As I sat and waited, I noticed two women sitting across the aisle from me, also waiting I assumed. The one woman was reading a magazine, flipping quickly through the pages and cocking her head to one side and the other with each new picture or ad. She pursed her lips, sometimes furrowing her brow, or clicking her tongue, but not saying anything. She had thick light brown curls pushed back with a purple plastic headband in the style of a young girl. Those beautiful curls cascaded down her shoulders and halfway to the middle of her back. Every once in a while she would shake her head, and her curls would bounce and dance and shine. I sighed with envy.
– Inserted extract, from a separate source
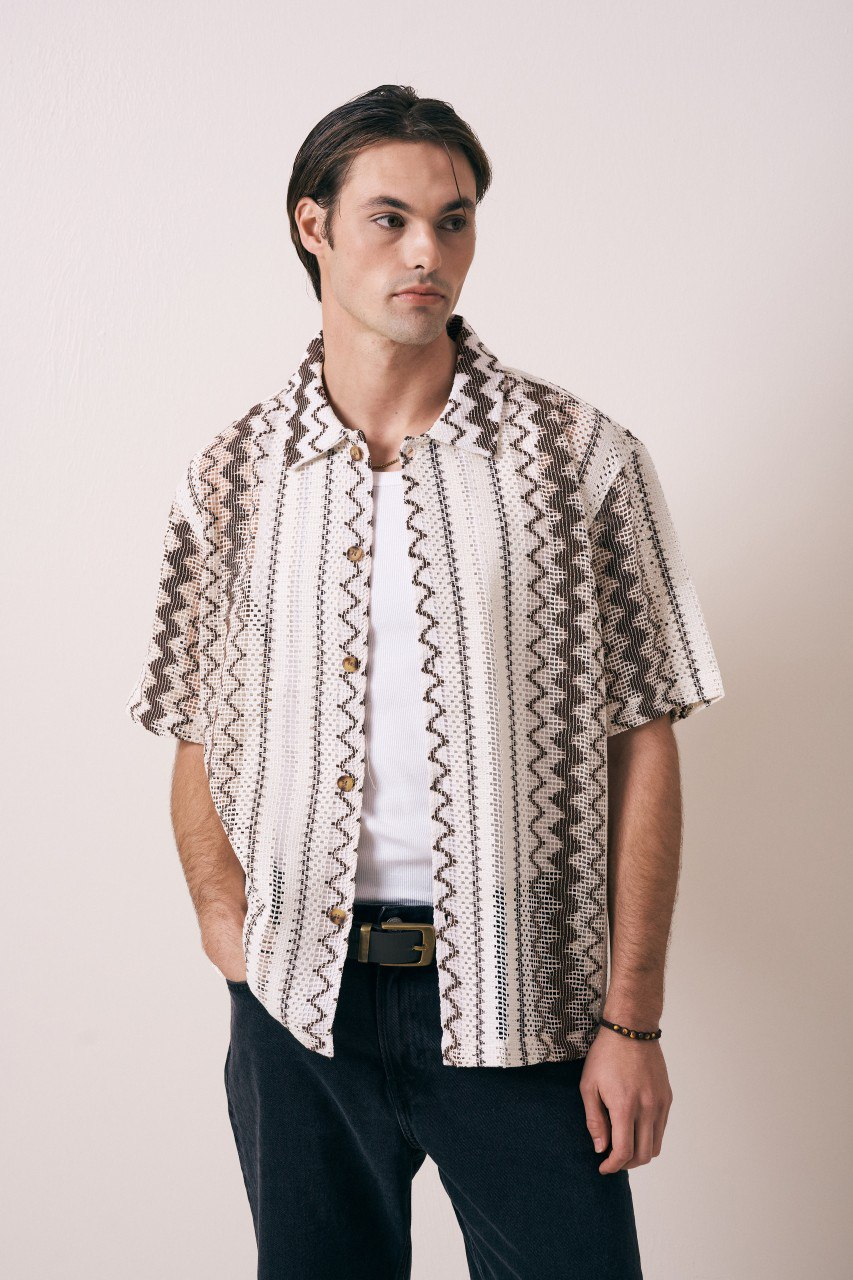 Wholesale Men's Brown Shirt 1609W26-6371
I remembered having long hair (I have a college picture to prove it) and though it was always very fine, I wore it loose for as long as I could. My kids loved to hang on to lengths of it when they were babies carried in arms. Sometimes I wore it in an updo for special occasions like weddings or braided it for fun. Once I had it cornrowed and my head ached for days. Now, post chemo, I have thin (read bald) places and brittleness, and no color left at all. How wonderful it would be to have such thick luxurious hair again! I hoped she was not there to have it cut short. What a waste that would be. The woman with her had much shorter hair. Perhaps it was she who was there for a haircut and not the woman with the gorgeous curls.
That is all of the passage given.